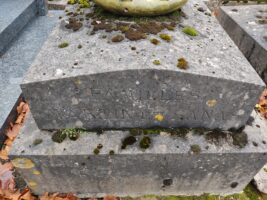 détail de l'inscription sur la façade du monument - O.Dufour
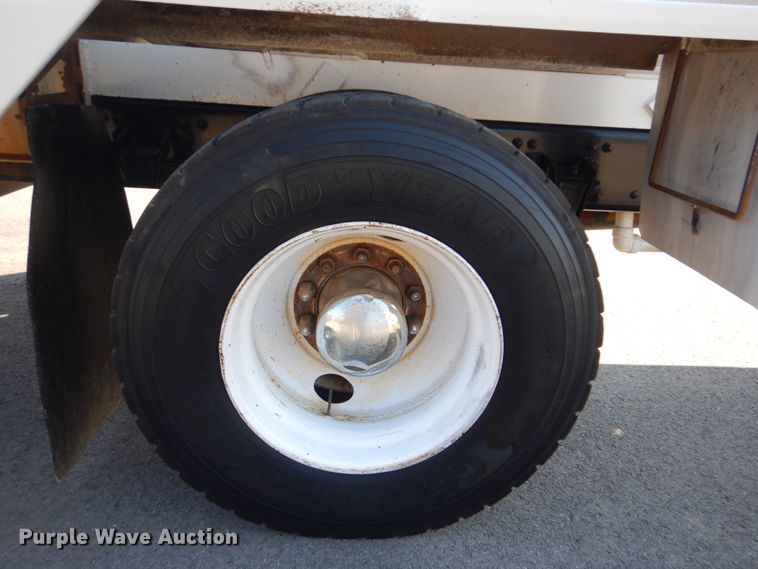 image for item GF9002 2004 Freightliner FL70 fuel truck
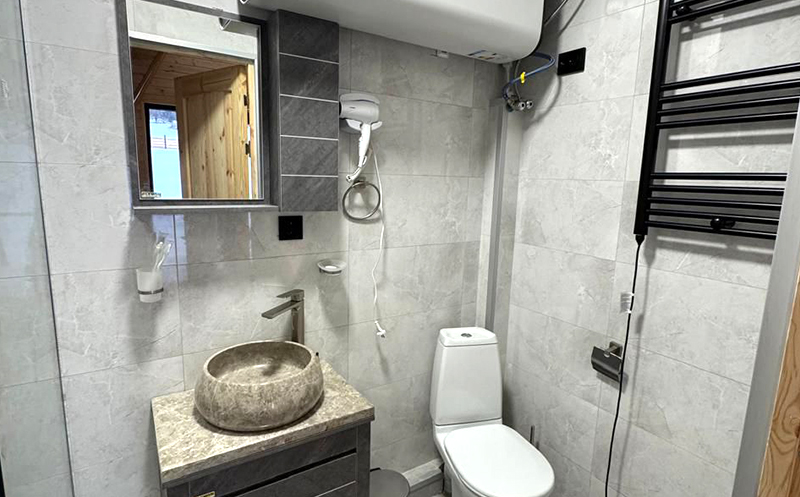 სვანეთში, კოტეჯი 2, 3 ან 4-5 სტუმარზე ბუხრით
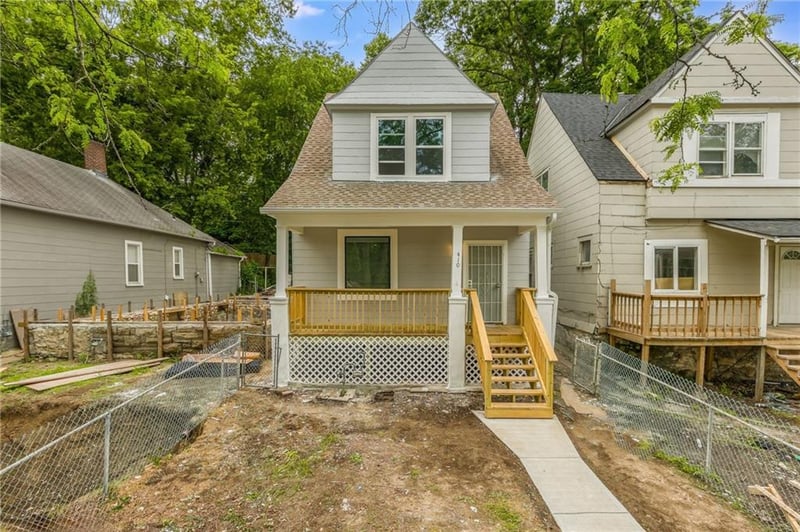 410 Kensington Ave, Kansas City, MO 64124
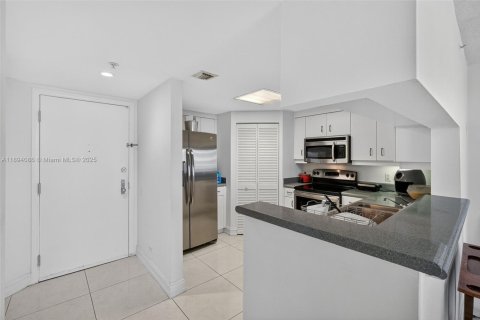 Condo in Miami, Florida, 1 bedroom  № 1946990 - photo 9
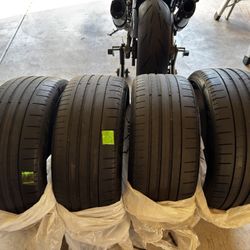 4 - Pirelli P Zero 235/35/20 Tires 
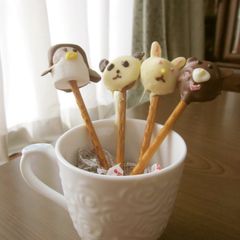A picture of Easy Chocolate Pops.
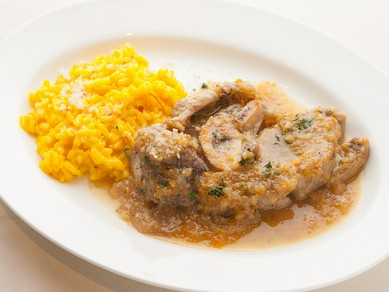 トマトを使わず、白ワインで煮込んだ『オッソブーコ』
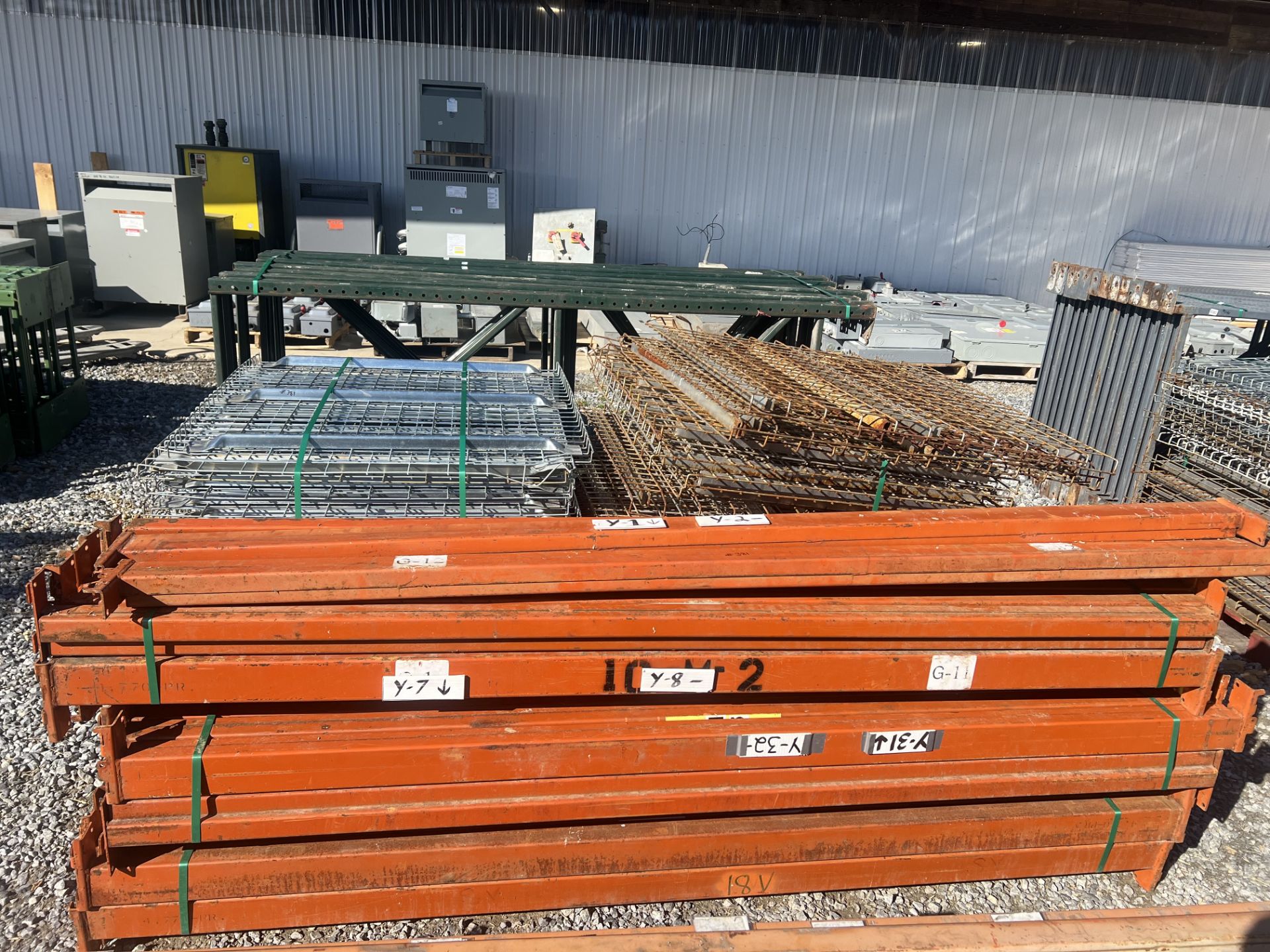 Lot of Pallet Racking Uprights, Rails and Grates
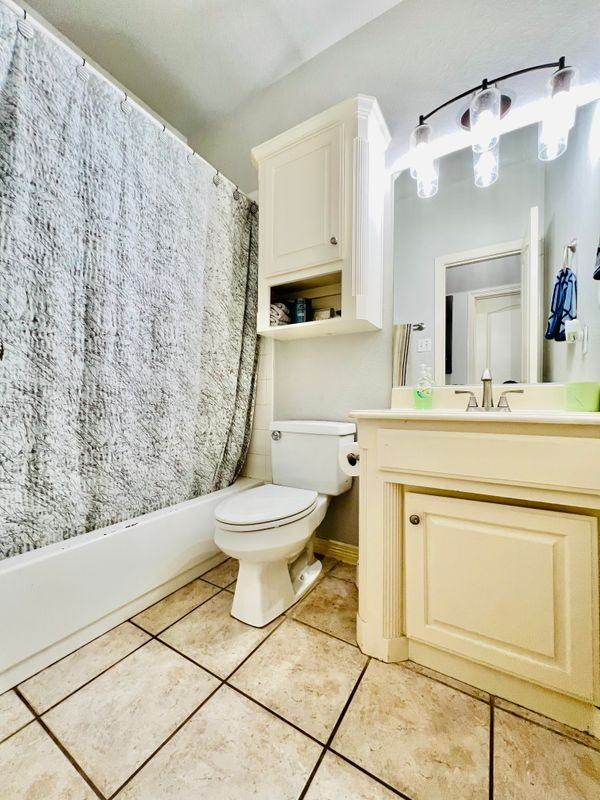 9220 Edgemont Dr - Photo 4 of 28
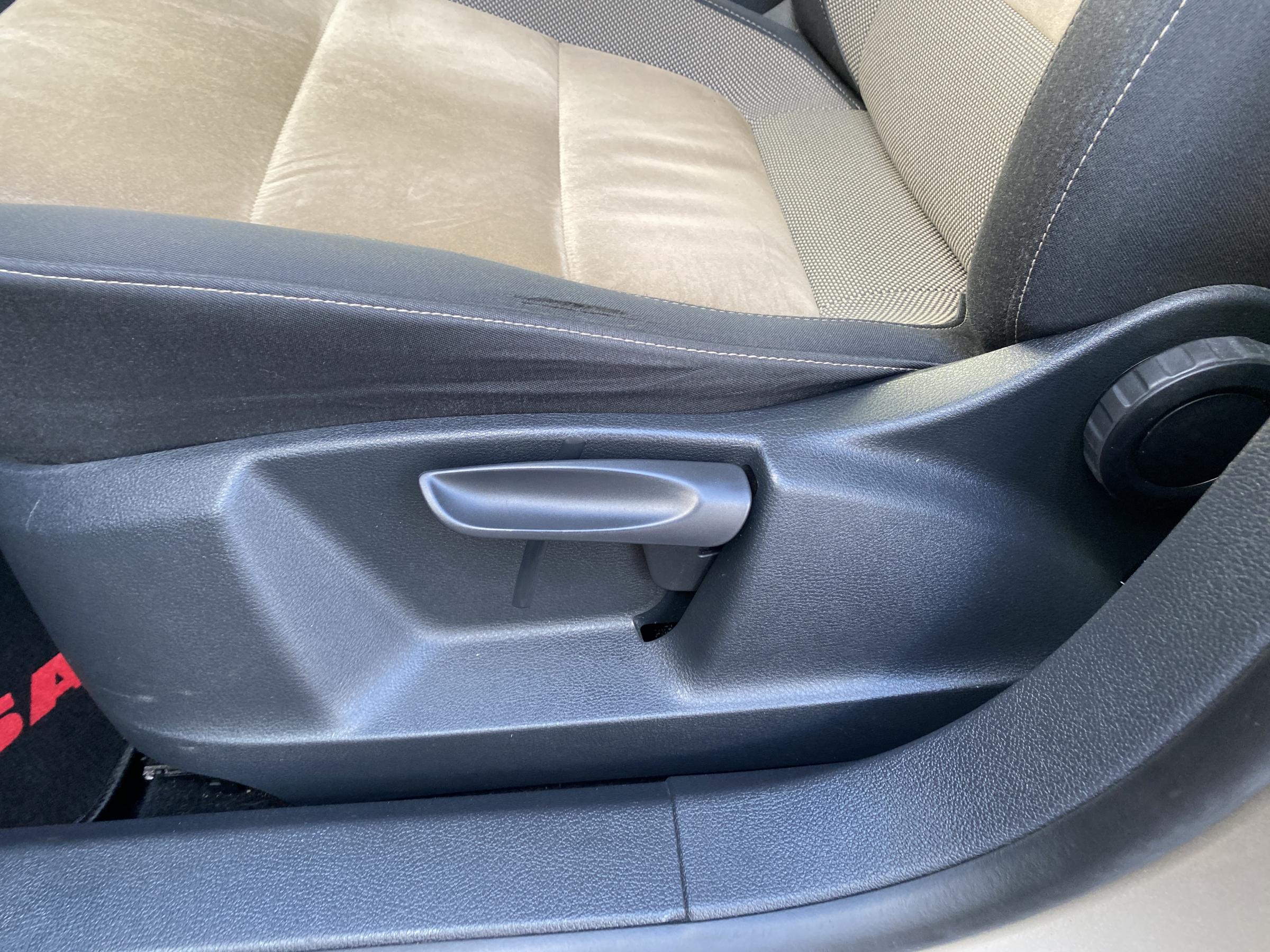 Volkswagen Tiguan, 2012 - pohled č. 14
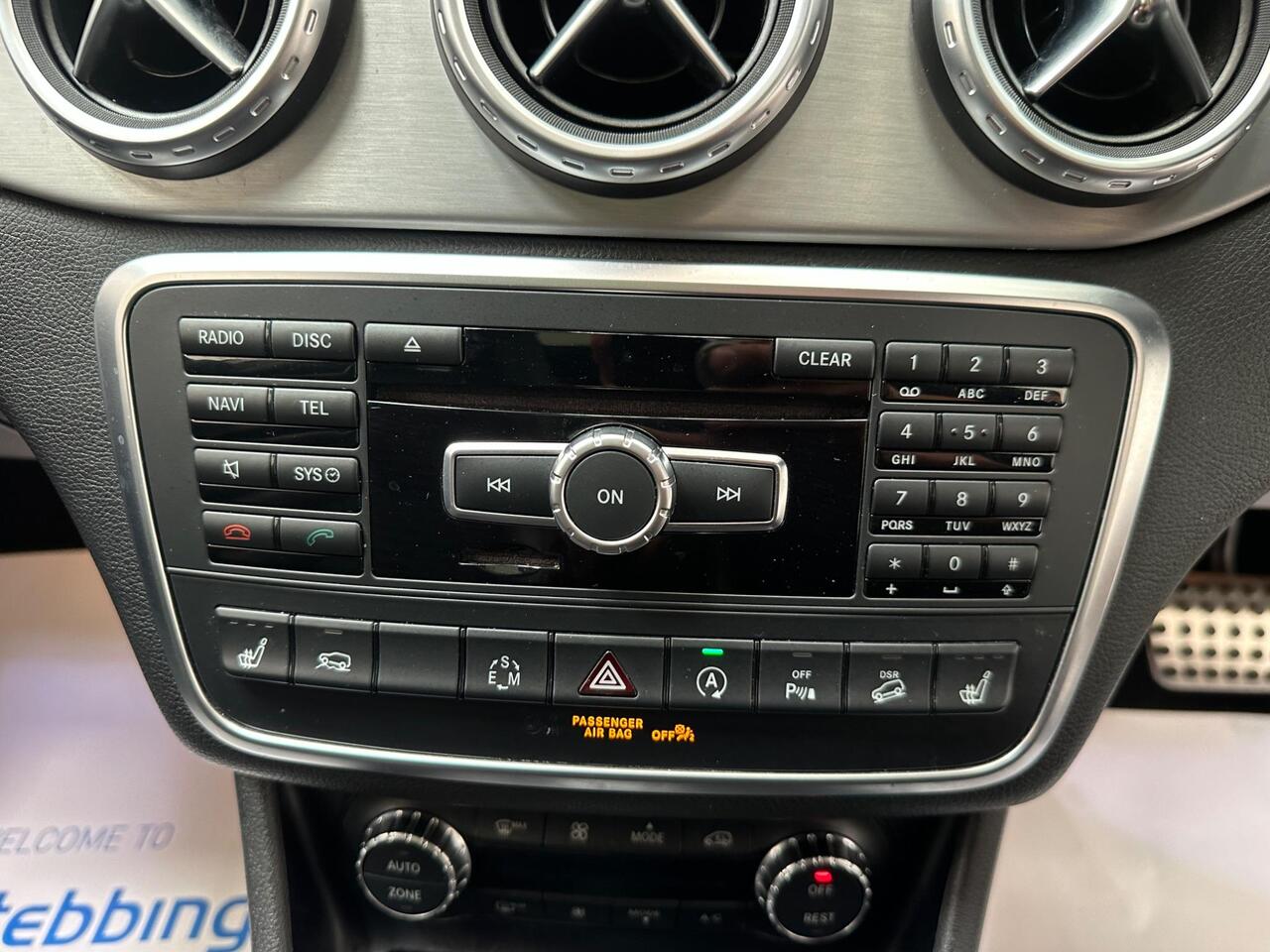 Mercedes-Benz GLA EY15HRN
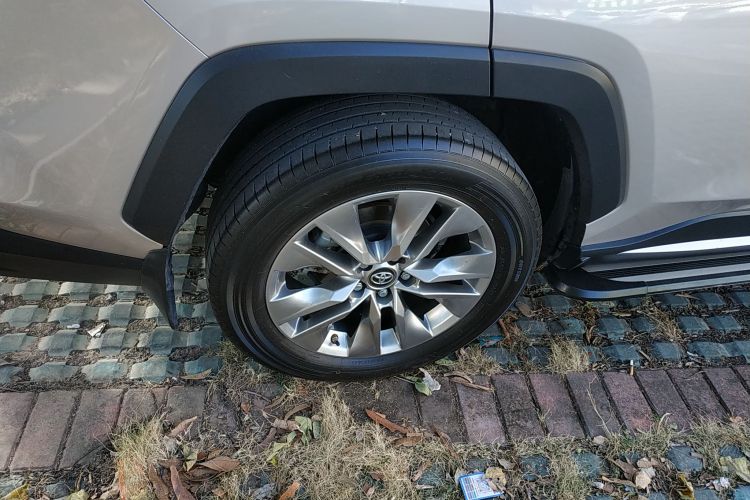 丰田 威兰达 2020款 双擎 2.5L E-CVT两驱豪华版车身外观6003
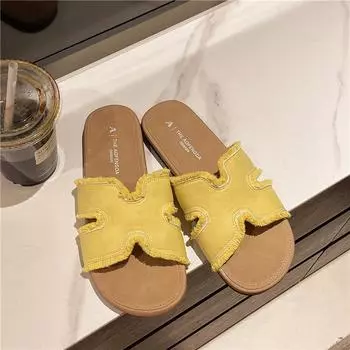 Soft-soled slippers women s summer wear new flat-bottomed beach one-word sandals casual vacation sandals 35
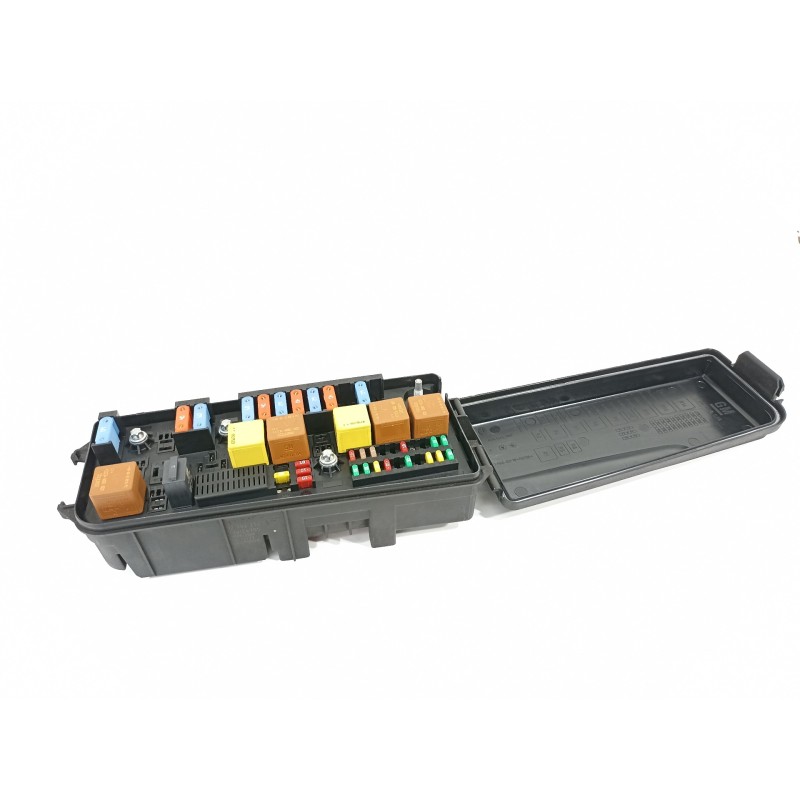 Recambio de caja reles / fusibles para saab 9-3 sport sedán linear sport referencia OEM IAM 519124705  
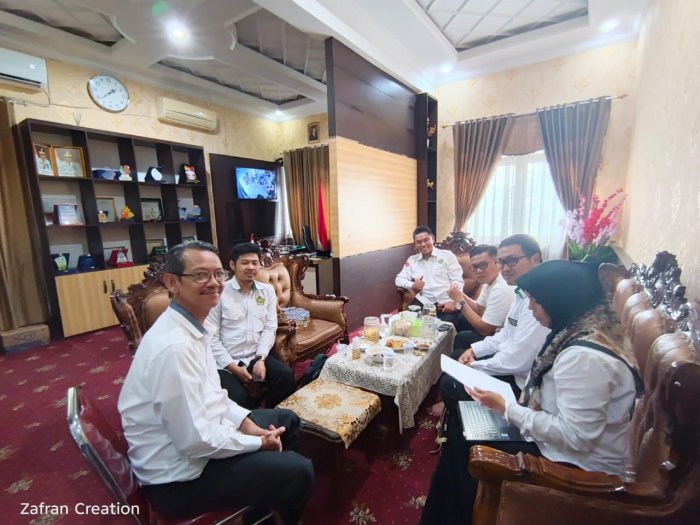 Kemenag Kota Jambi Dampingi MAN 2 Kota Jambi Susun Anggaran 2026 dan Sosialisasi Aplikasi SIRUP Kemenag Kota Jambi Dampingi MAN 2 Kota Jambi Susun Anggaran 2026 dan Sosialisasi Aplikasi SIRUP
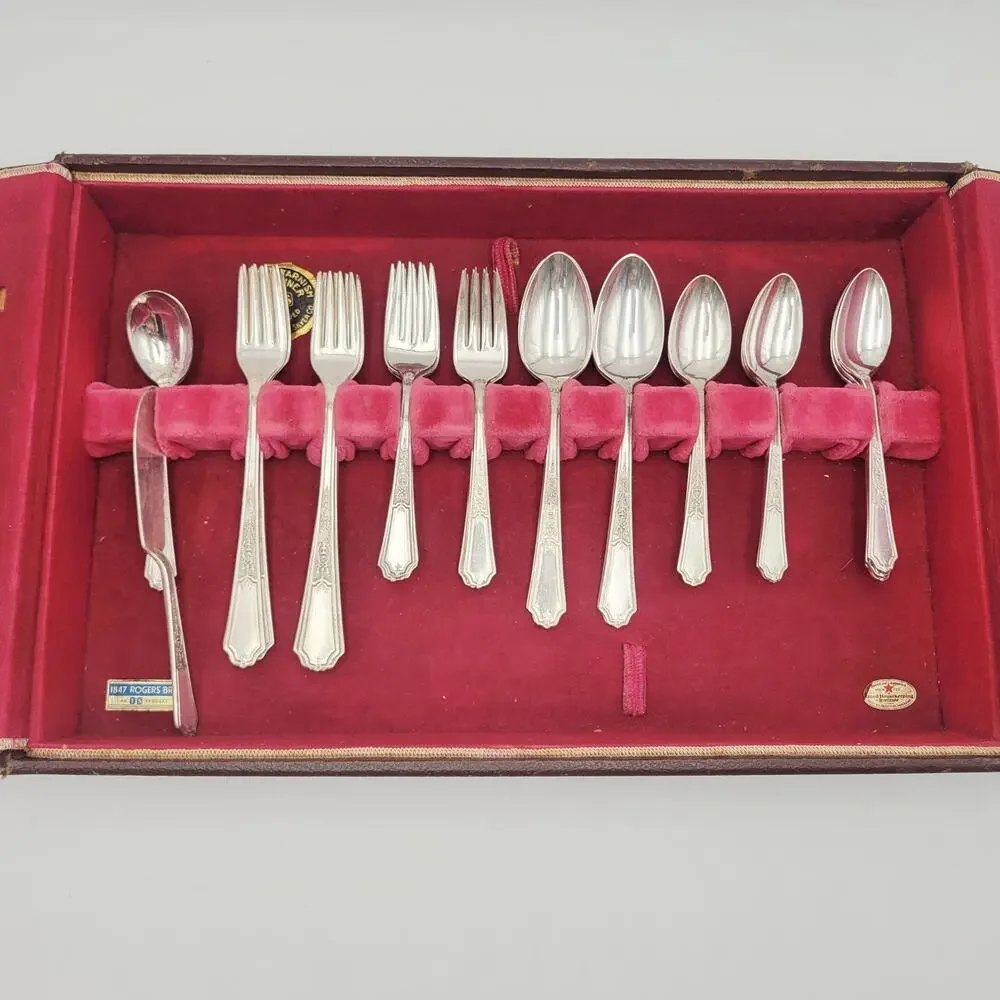 1847 Rogers Bros Ancestral Service for 8 Al Silverplate Flatware Set 43 Pcs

# [Work to complete]
Transcribe the whole listing above exactly and leave out the pictures.

# [Answer for the task]
 détail de l'inscription sur la façade du monument - O.Dufour
 image for item GF9002 2004 Freightliner FL70 fuel truck
 სვანეთში, კოტეჯი 2, 3 ან 4-5 სტუმარზე ბუხრით
 410 Kensington Ave, Kansas City, MO 64124
 Condo in Miami, Florida, 1 bedroom  № 1946990 - photo 9
 4 - Pirelli P Zero 235/35/20 Tires 
A picture of Easy Chocolate Pops.
 トマトを使わず、白ワインで煮込んだ『オッソブーコ』
 Lot of Pallet Racking Uprights, Rails and Grates
 9220 Edgemont Dr - Photo 4 of 28
 Volkswagen Tiguan, 2012 - pohled č. 14
 Mercedes-Benz GLA EY15HRN
 丰田 威兰达 2020款 双擎 2.5L E-CVT两驱豪华版车身外观6003
 Soft-soled slippers women s summer wear new flat-bottomed beach one-word sandals casual vacation sandals 35
 Recambio de caja reles / fusibles para saab 9-3 sport sedán linear sport referencia OEM IAM 519124705  
 Kemenag Kota Jambi Dampingi MAN 2 Kota Jambi Susun Anggaran 2026 dan Sosialisasi Aplikasi SIRUP Kemenag Kota Jambi Dampingi MAN 2 Kota Jambi Susun Anggaran 2026 dan Sosialisasi Aplikasi SIRUP
 1847 Rogers Bros Ancestral Service for 8 Al Silverplate Flatware Set 43 Pcs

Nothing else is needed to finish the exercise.